Young Hadassah International Volunteer and Immediate Past Chair of YHI Argentina, Dr. Romina Libster, witnessed the benefits of globally sharing her home country’s experience with the H1N1 virulent 2009 flu virus, while working in the Vanderbilt Vaccine Research Program atVanderbiltUniversity in Nashville.
Since October 2009, Romina has been working with Dr. Kathryn Edwards in Vanderbilt University’s Vaccine Research Program to uncover some of the mystery surrounding the fatal H1N1 virus. Dr. Fernando Polack, an associate professor of Pediatrics at Vanderbilt, had been conducting research in Argentina during the height of the outbreak there, when he and Libster saw a significant influx of children to their clinic with fatal viral symptoms. “We had been noticing many more ill children in our clinic earlier as well,” Romina told a Vanderbilt reporter, “but H1N1 had not yet been identified. Dr. Polack, realizing it was H1N1, called us to his house and said, ‘This is it.’ We knew we needed to learn everything we could from this virus right away.”

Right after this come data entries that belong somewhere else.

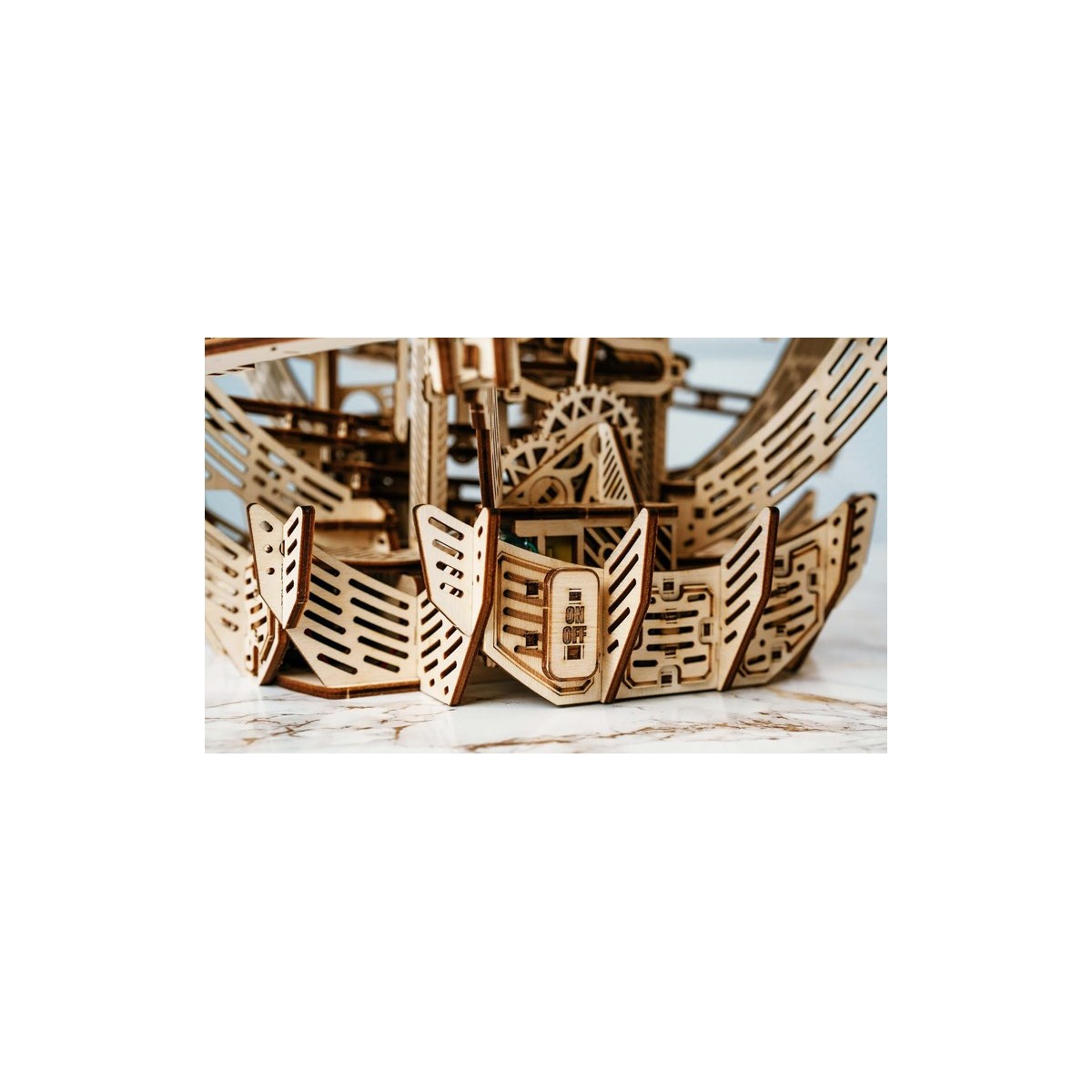 Maquette en bois animée Circuit de billes sphérique motorisé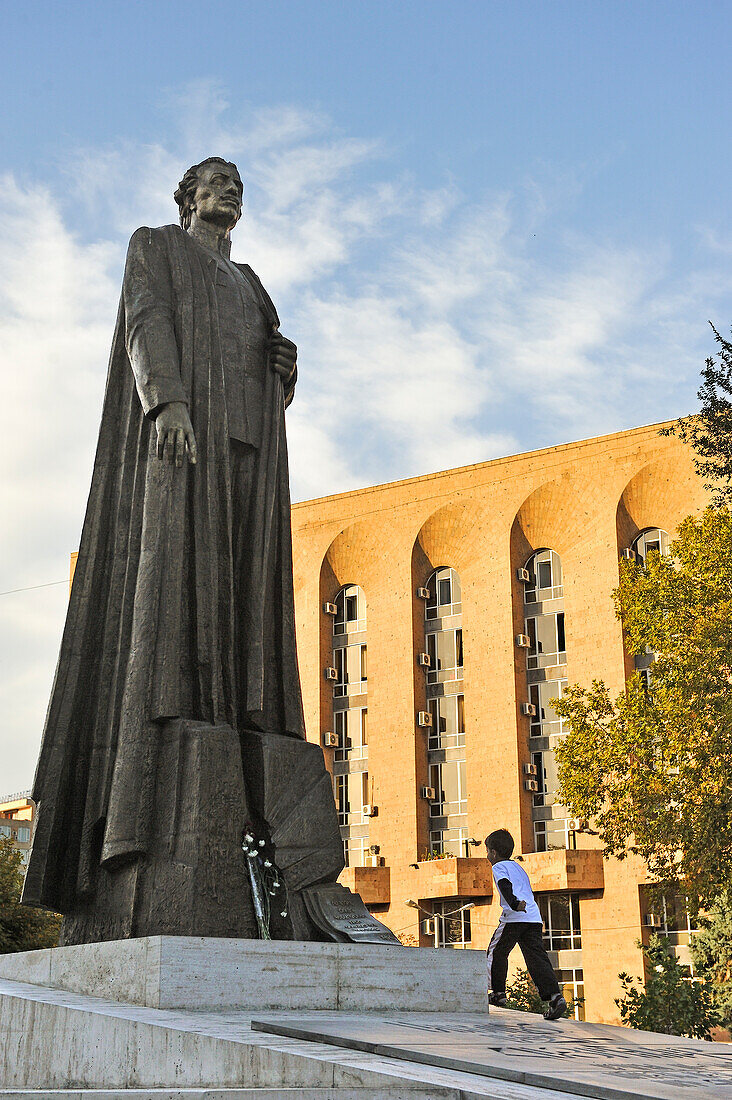 Garegin Nzhdeh (Armenian statesman and military strategist, 1886-1955) statue at the park adjacent to the Government of Armenia Building No. 3 , Yerevan, Armenia, Eurasia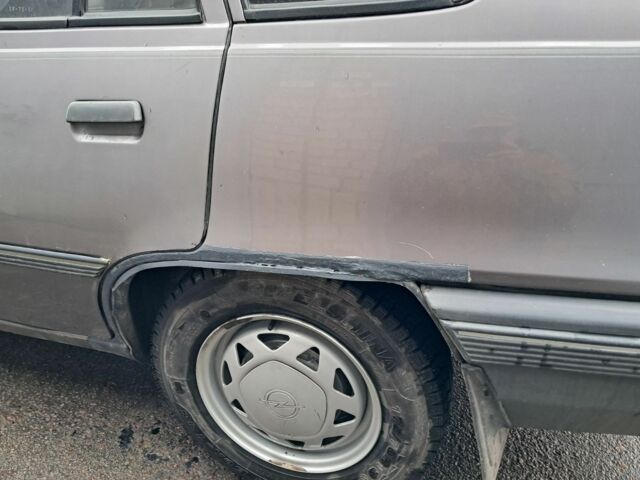 Серый Опель Кадет, объемом двигателя 1.3 л и пробегом 190 тыс. км за 1300 $, фото 10 на Automoto.ua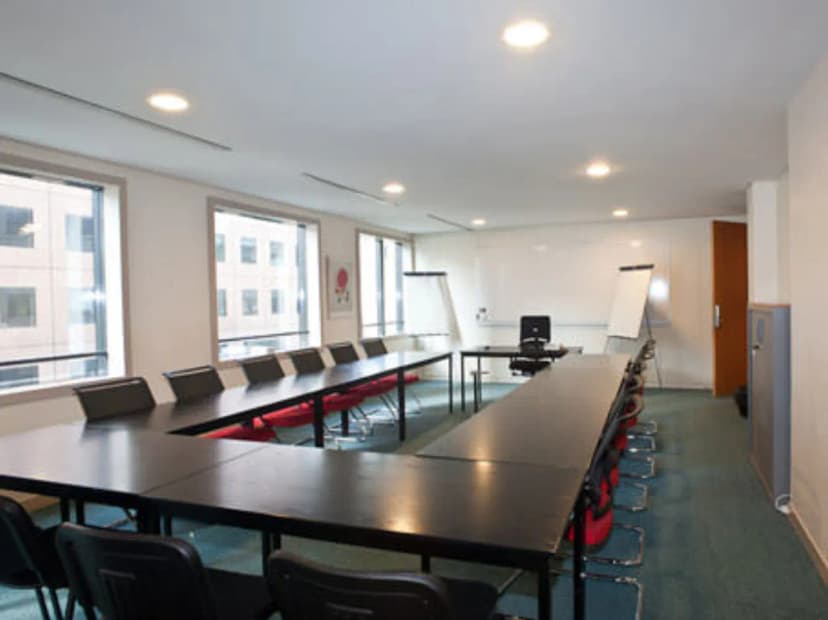 Regus - La Defense, Esplanade de Courbevoie — photo 3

Observing the progression of H1N1 in the Southern Hemisphere prior to the peak outbreak in the Northern Hemisphere, allowed Polack and Libster to gather information about the virus, in hopes that scientists could avoid a pandemic. Pollack found that children were ten times more at risk to become seriously or fatally ill when contracting the H1N1 virus. Furthermore, he discovered specific underlying conditions that made children more vulnerable, such as chronic lung diseases like asthma or bronchopulmonary dysplasia (BPD) and neurologic diseases.
Their findings, which subsequently have been confirmed elsewhere, appear in the December 23 issue of the New England Journal of Medicine, in an article entitled “Pediatric Hospitalizations Associated with H1N1 Influenza in Argentina.”